**INSTRUCTIONS FOR THE TASK**
The part to set down runs from the first line of the data below through the line with "Friends sharing a", inclusive; write it exactly and leave out the pictures.

Data records
▼▼▼
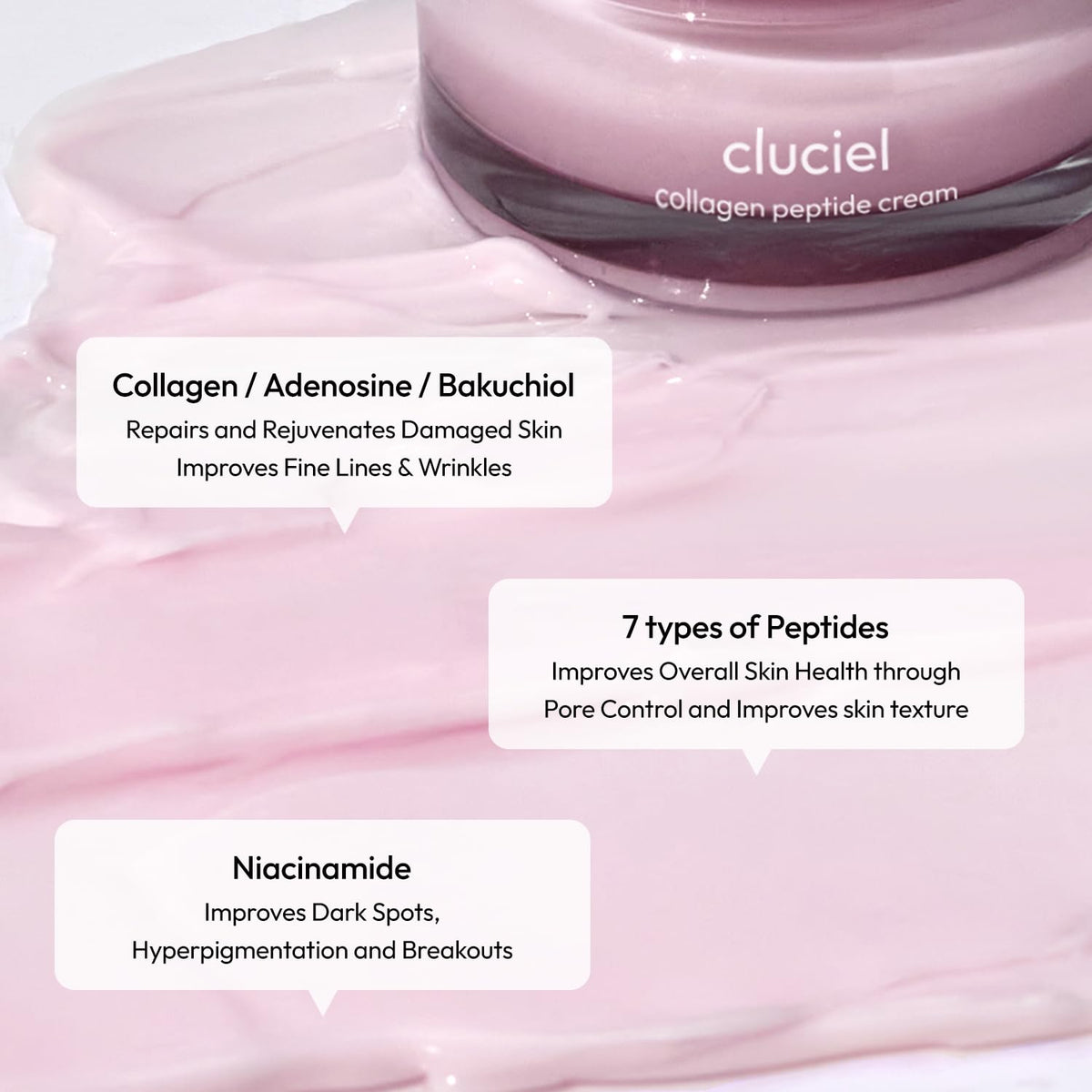 cluciel ingredients label photo showing peptides and niacinamide list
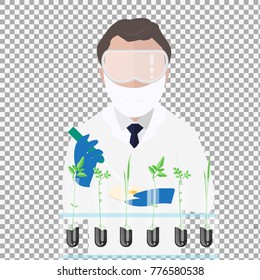 Microbiologist studying new virus and cultivating a petri dish, beside a microscope and tools of laboratory on transparent background. Vector illustration of biomedical engineering. - stock vector
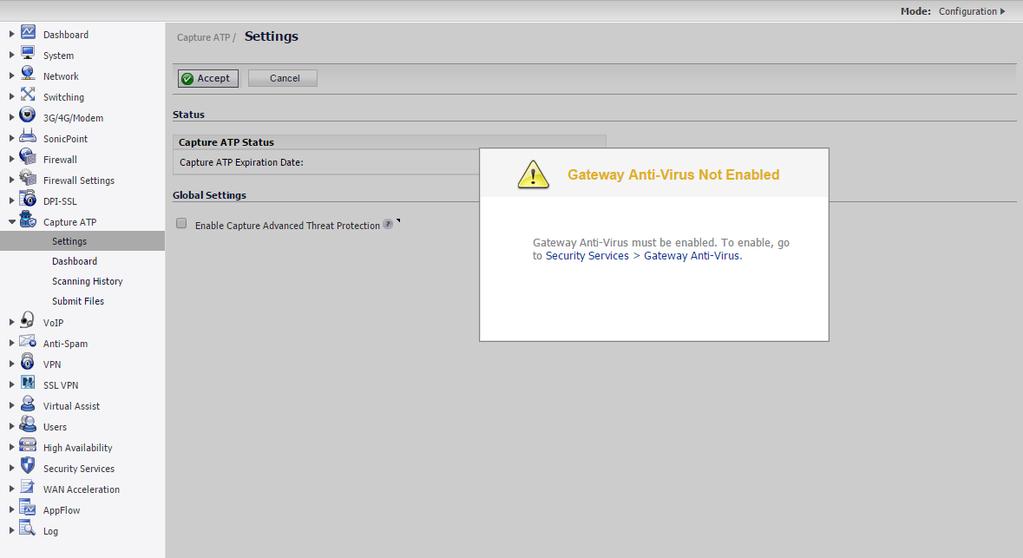 Capture ATP will stop working if either Gateway Anti-Virus or Cloud Anti-Virus is disabled.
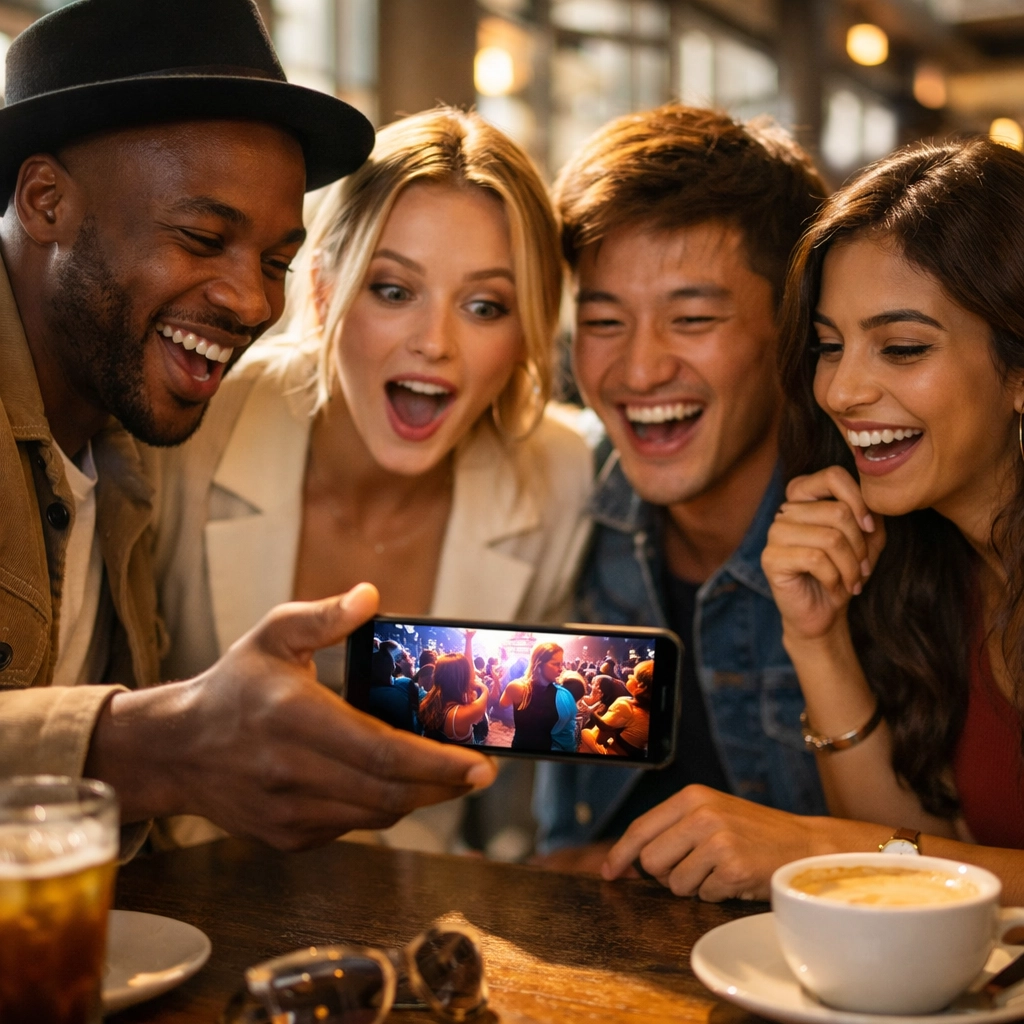 Friends sharing a viral Instagram Reel on a smartphone to increase social media growth and engagement.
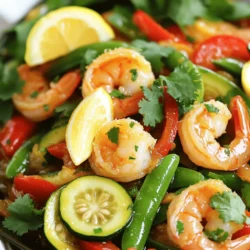 - 1 pound large shrimp, peeled and deveined - 2 tablespoons olive oil - 4 cloves garlic, minced - 1 red bell pepper, sliced - 1 cup snap peas - 1 medium zucchini, sliced into half-moons - 1 tablespoon cornstarch - 2 tablespoons soy sauce - 1 tablespoon fresh lemon juice - Zest of 1 lemon - Salt and pepper to taste - Fresh cilantro or parsley, for garnish - Lemon wedges, for serving When making Lemon Garlic Shrimp Stir Fry, start with fresh shrimp. Look for large shrimp that are peeled and deveined. This saves time and makes cooking easy. The shrimp should be plump and have a slight sheen. Next, gather your veggies. The red bell pepper adds sweetness and color. Snap peas give a nice crunch, while zucchini offers a soft texture. These veggies pair well with shrimp and absorb the flavors beautifully. For seasoning, cornstarch is key. It gives the shrimp a nice crust and helps the sauce stick. Soy sauce adds saltiness, while lemon juice and zest add brightness. Don’t forget to taste! Adjust the salt and pepper to your liking for perfect balance. Finally, for garnishing, fresh herbs like cilantro or parsley brighten the dish. Lemon wedges on the side add a zesty kick when served. This simple yet tasty preparation makes the dish visually appealing and delightful to eat. For the full recipe, be sure to check the detailed instructions! First, grab a medium bowl. Toss the shrimp with cornstarch, salt, and pepper. This helps the shrimp get a nice outer layer. Make sure each shrimp is coated well. This step adds texture and keeps them juicy. Next, heat 1 tablespoon of olive oil in a large skillet over medium-high heat. Once hot, add the shrimp. Stir-fry them for about 2-3 minutes. Watch for the shrimp to turn pink. When they do, they are ready. Remove them from the skillet and set them aside. Now, add the rest of the olive oil to the same skillet. Toss in the minced garlic and stir it for about 30 seconds. This step fills your kitchen with a great smell. Then, add the sliced bell pepper, snap peas, and zucchini. Stir-fry these veggies for 4-5 minutes. You want them tender but still crisp. Return the cooked shrimp to the skillet. Pour in the soy sauce, lemon juice, and lemon zest. Stir everything together. Cook for an additional 1-2 minutes. Make sure the shrimp and veggies get well-coated in the sauce. Finally, taste and adjust the seasoning. Add more salt and pepper if needed. Once done, remove the skillet from heat. Garnish with fresh cilantro or parsley before serving. For a bright touch, add lemon wedges on the side. For the complete guide, check out the Full Recipe. To get shrimp just right, watch the cooking time. Cook them for 2-3 minutes. Remove them as soon as they turn pink. Overcooked shrimp can become tough and rubbery. Trust me, you want them tender! You can make this dish healthier by using low-sodium soy sauce. This helps cut down on salt. Add extra veggies like carrots or broccoli for more nutrients. They add color and crunch, making the dish even better! For a beautiful plate, serve the stir-fry over rice or quinoa. This adds a nice base. Garnish with fresh herbs like cilantro or parsley. A few lemon wedges on the side give a pop of color and flavor. Check out the Full Recipe for more ideas! {{image_2}} I love adding a kick to my lemon garlic shrimp stir fry. You can easily spice things up. Just toss in some red pepper flakes or a dash of sriracha. Start with a pinch of red pepper flakes when cooking the garlic. If you want more heat, add more! Sriracha can also add flavor and heat. Just a spoonful will do the trick. Adjust it to your taste for a perfect blend. If shrimp isn't your thing, you can switch proteins. Chicken or tofu works great, too. For chicken, use boneless, skinless pieces. Cut them into bite-sized chunks. Cook them just like the shrimp. For tofu, use firm tofu and cut it into cubes. Sauté it until golden brown before adding the veggies. This keeps your meal diverse and fun. Feel free to tweak the veggies based on what's in season. Spring brings fresh asparagus and peas. In summer, you can use bell peppers or corn. Fall is perfect for adding squash or mushrooms. Winter veggies like broccoli or Brussels sprouts add a hearty touch. Mixing seasonal veggies not only boosts flavor but also keeps your dish fresh and healthy. To keep your Lemon Garlic Shrimp Stir Fry fresh, store leftovers in an airtight container. This helps keep the flavors and moisture locked in. Place the container in the fridge within two hours of cooking. Your stir fry will last up to three days. When you're ready to enjoy it again, make sure to check for any changes in color or smell. Reheating shrimp can be tricky. You want to avoid overcooking them. To reheat, use a skillet over low heat. Add a splash of water or broth to keep it moist. Heat for about three to five minutes, stirring gently. This keeps the shrimp juicy and tender. You can also microwave it, but use short bursts of 30 seconds to prevent rubbery shrimp. Yes, you can freeze the stir fry! Pack it in a freezer-safe bag or container. Try to remove as much air as possible. This helps prevent freezer burn. It will stay fresh for up to three months. To thaw, place it in the fridge overnight. Reheat it in a skillet when you’re ready to eat. Enjoy your delicious meal again! Yes, you can make this dish ahead of time. To meal prep, cook the shrimp and veggies as usual. Let them cool, then store in airtight containers. You can keep them in the fridge for up to three days. When ready to eat, just reheat in a pan until warm. This stir-fry pairs well with many side dishes. Here are some great options: - Steamed rice - Quinoa - Noodles - Cauliflower rice - A fresh salad Yes, it is great for meal prep. Store the stir-fry in an airtight container in the fridge. It will stay fresh for three days. To reheat, just warm it in a skillet over low heat. Stir gently to keep the shrimp tender. Shrimp is low in calories and high in protein. It is a good source of key vitamins and minerals. Here are some benefits: - Rich in omega-3 fatty acids - Contains antioxidants - Supports heart health - Low in saturated fat You can easily scale up the recipe for more people. To do this, just multiply each ingredient by the number of servings you want. For example, for eight servings, use two pounds of shrimp and double the veggies. This way, everyone can enjoy a delicious meal. For the full recipe, check the earlier section. In this blog post, we explored a delicious lemon garlic shrimp stir fry. We covered the key ingredients, cooking steps, and tips for the best results. You learned how to mix flavors and achieve perfect texture. I shared ways to make it healthier and variations to try. Finally, we discussed storage and meal prep options. Enjoy creating this easy dish that’s tasty and versatile. With just a few tweaks, you can make it your own. Happy cooking!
▲▲▲
**RESPONSE BOX**
 cluciel ingredients label photo showing peptides and niacinamide list
 Microbiologist studying new virus and cultivating a petri dish, beside a microscope and tools of laboratory on transparent background. Vector illustration of biomedical engineering. - stock vector
 Capture ATP will stop working if either Gateway Anti-Virus or Cloud Anti-Virus is disabled.
 Friends sharing a viral Instagram Reel on a smartphone to increase social media growth and engagement.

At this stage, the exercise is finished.